23 Canadian Organizations call on Loblaw to take action to prevent more worker deaths

May 2, 2013

On the eve of the Annual Meeting of Loblaw Companies Limited, 23 prominent Canadian trade unions, NGOs and faith organizations have sent an Open Letter to the company’s Executive Chairman, Galen Weston, calling on his company to take immediate steps to ensure that the deaths and injuries suffered by hundreds of garment workers in the collapse of the Rana Plaza building in Bangladesh are not repeated. 

While recognizing Loblaw’s announcement that it will be providing compensation to the families of those who died in the tragedy as a positive step forward, the letter urges the company to “put that commitment into practice by negotiating with Bangladeshi trade union federations and IndustriALL (the Global Union for the manufacturing sector)… regarding the level, form and channels of compensation for both the families of those who died and the workers who suffered injuries and the loss of employment as a result of the building collapse.”

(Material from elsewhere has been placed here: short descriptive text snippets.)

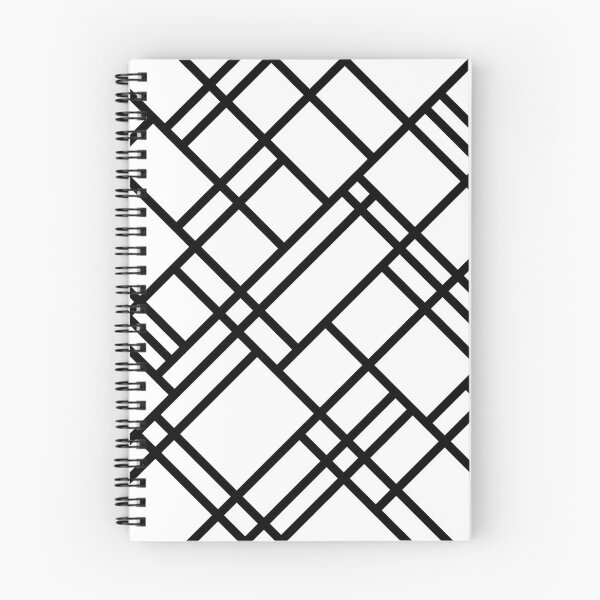 Item preview, Bold designed and sold by PurpleRange.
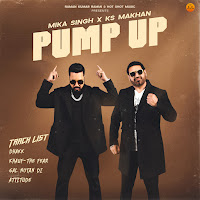 Ks Makhan, Jassi X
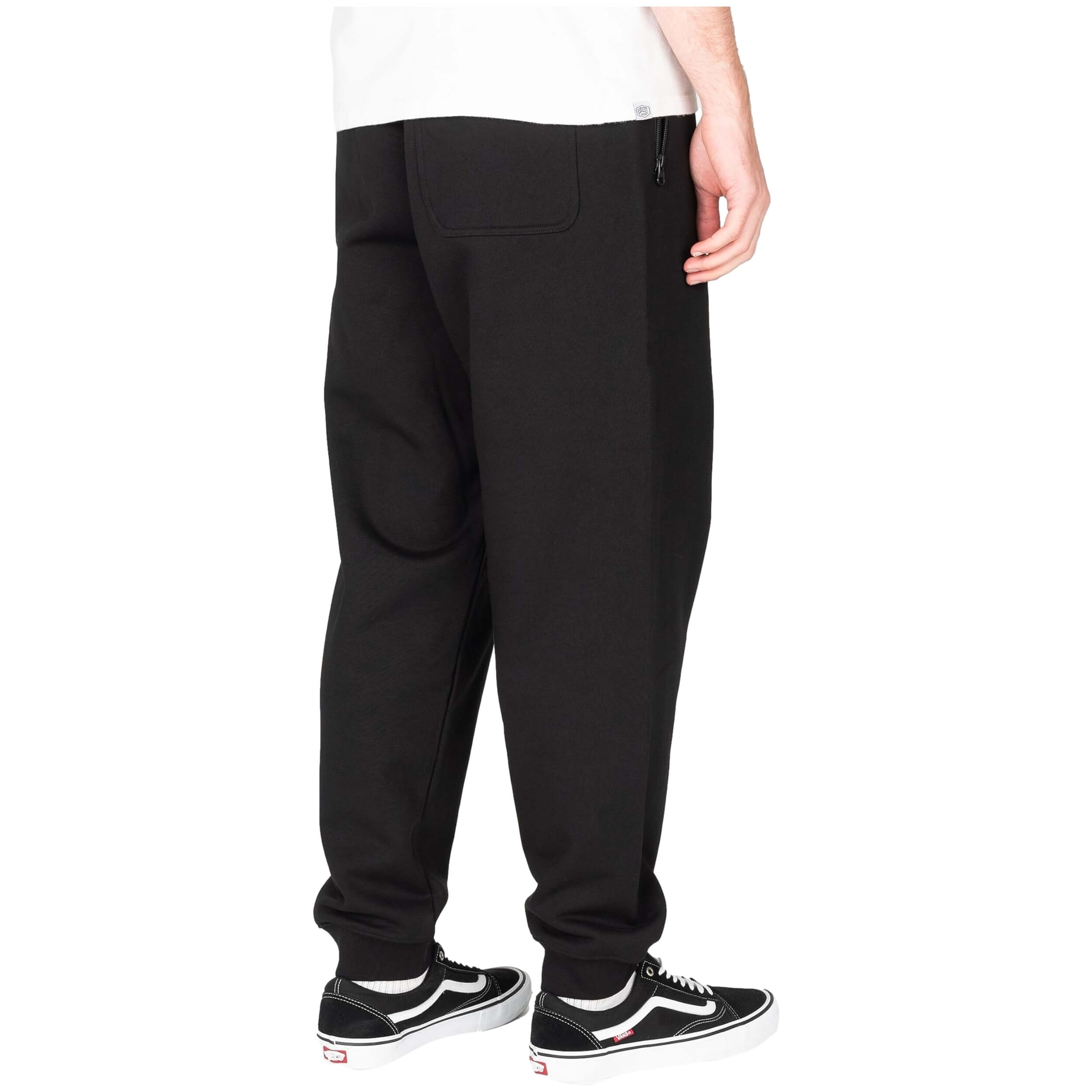 Pantalon Largo Vans Half Cab 30Th Loose Joggers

According to Lynda Yanz, Executive Director of the Maquila Solidarity Network (MSN), the letter demonstrates the high level of concern of Canadian civil society organizations from various sectors with the series of preventable tragedies in the Bangladeshi garment industry and their desire for sustainable solutions to the underlying problems that caused those tragedies.

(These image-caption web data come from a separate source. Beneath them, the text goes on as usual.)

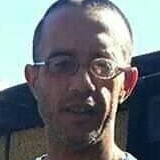 Juliofrancosyw from Canelones | Man | 53 years old | Sagittarius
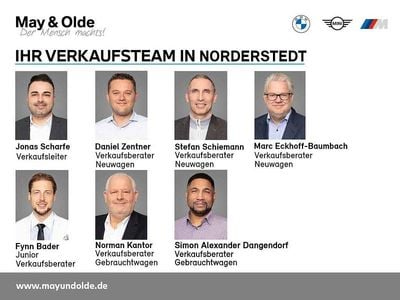 Gebraucht BMW 118 Advantage 136 PS (100 kW) 2023 Grau Kleinwagen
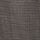 Neutral Brown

“We are calling on Loblaw Companies Limited, as well as other companies sourcing clothes from Bangladesh that have so far remained silent, to work together with trade unions and labour rights groups to put in place a comprehensive, transparent and effective Fire and Building Safety Program in Bangladesh, one in which workers have an active and informed role.

“Workers lives should not be put at risk in order that we can buy cheap clothes,” says Yanz.